» **WHAT TO WORK ON**
Find the line containing "Tattoo Practice Skin", then print it and each line after it through the end of the listing exactly, with no pictures.

--- DATASET SECTION Enclosed Below ---

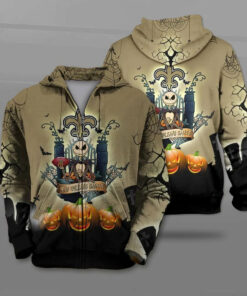 New Orleans Saints Halloween Costume Hoodies Jack Skellington 3D Graphic Gifts for Fans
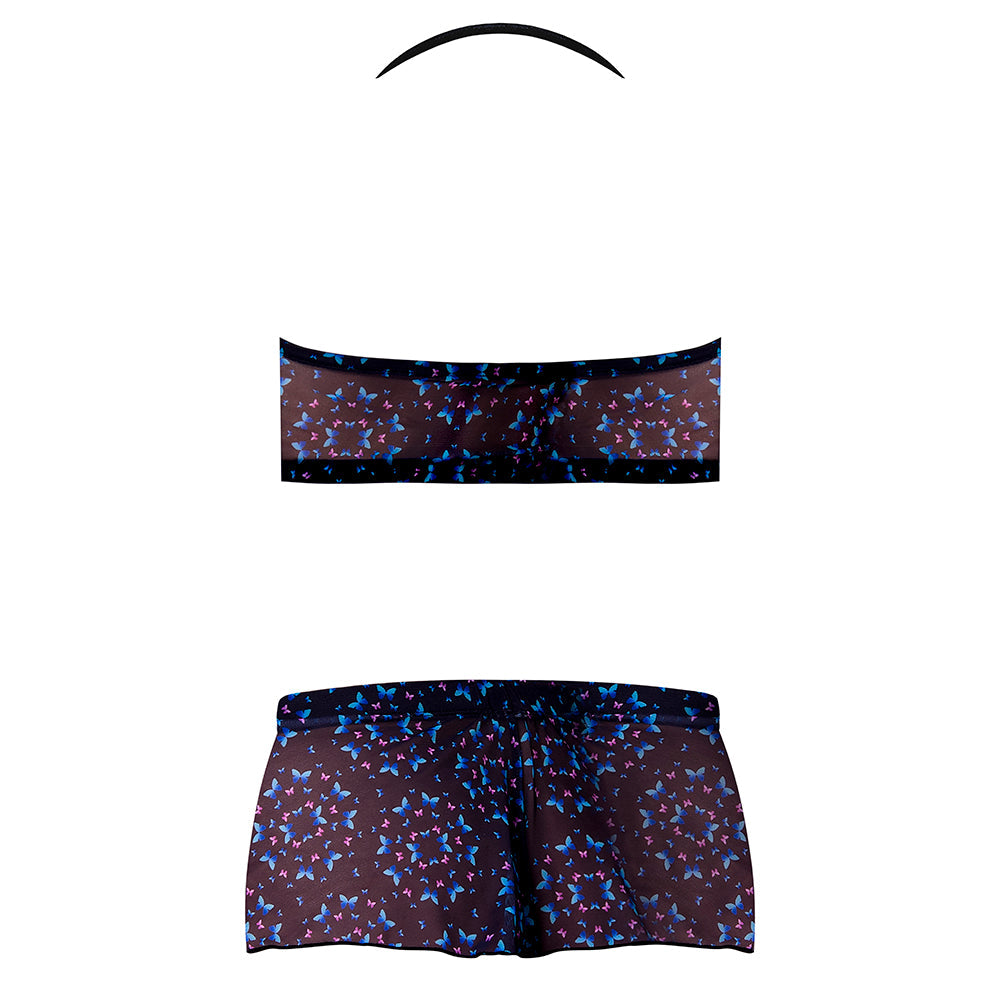 HAZY DAYZ HALTER TOP & HOT SHORT SET BUTTERFLY S/M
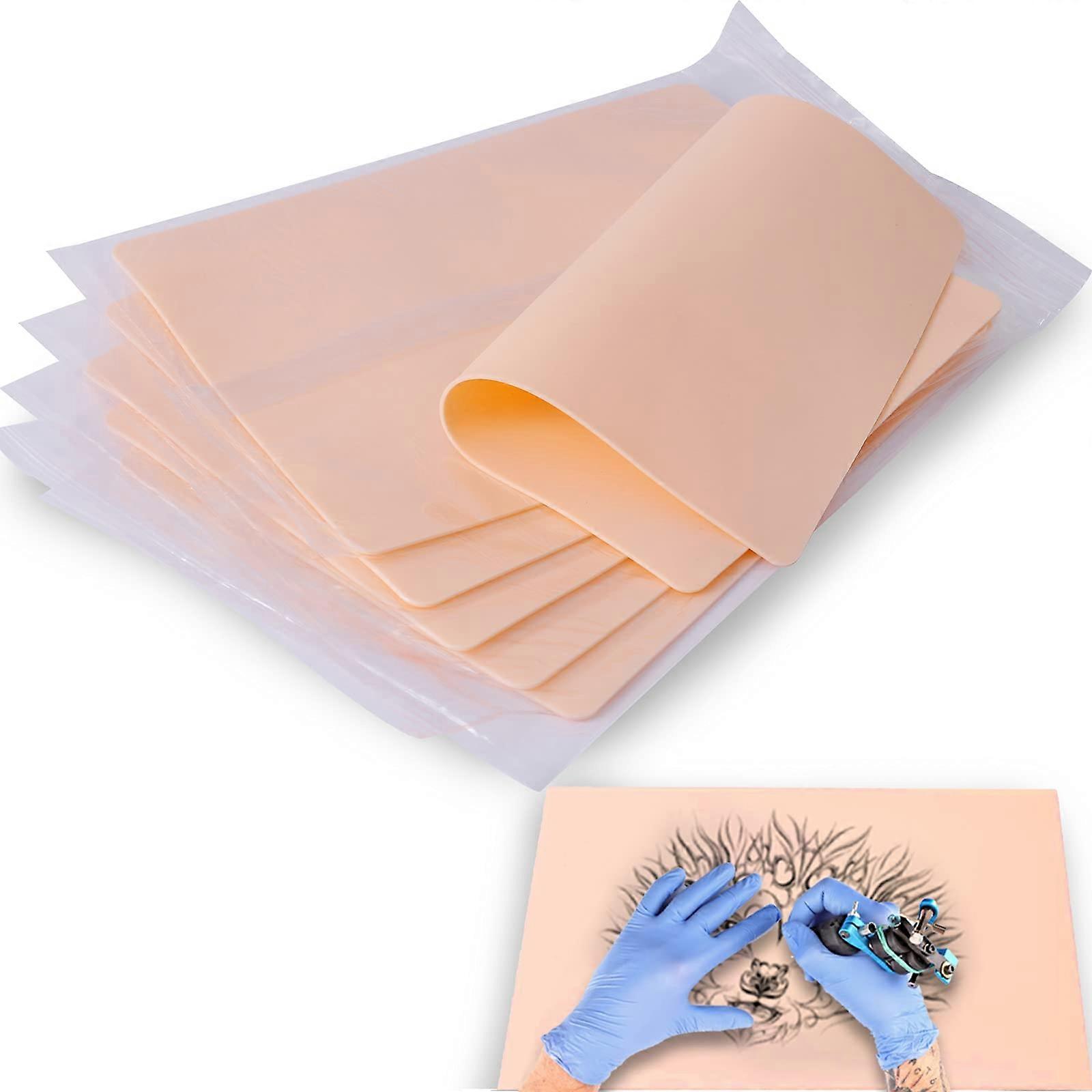 Tattoo Practice Skin 5pcs 8x6in Double Sided Silicone Sheets for Microblading and Permanent Makeup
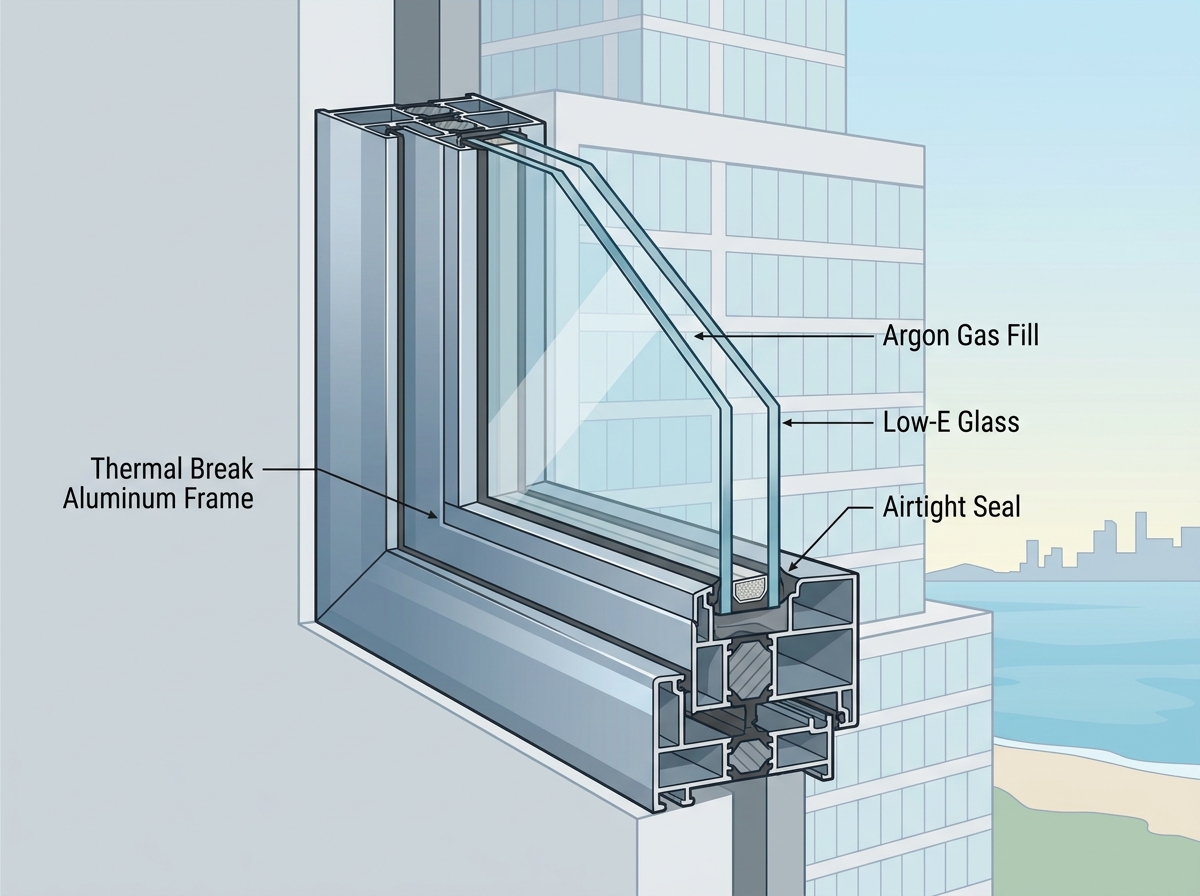 A modern building exterior showcasing durable aluminum window frames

--- End of Enclosed DATASET SECTION ---

» **TASK OUTPUT**
 Tattoo Practice Skin 5pcs 8x6in Double Sided Silicone Sheets for Microblading and Permanent Makeup
 A modern building exterior showcasing durable aluminum window frames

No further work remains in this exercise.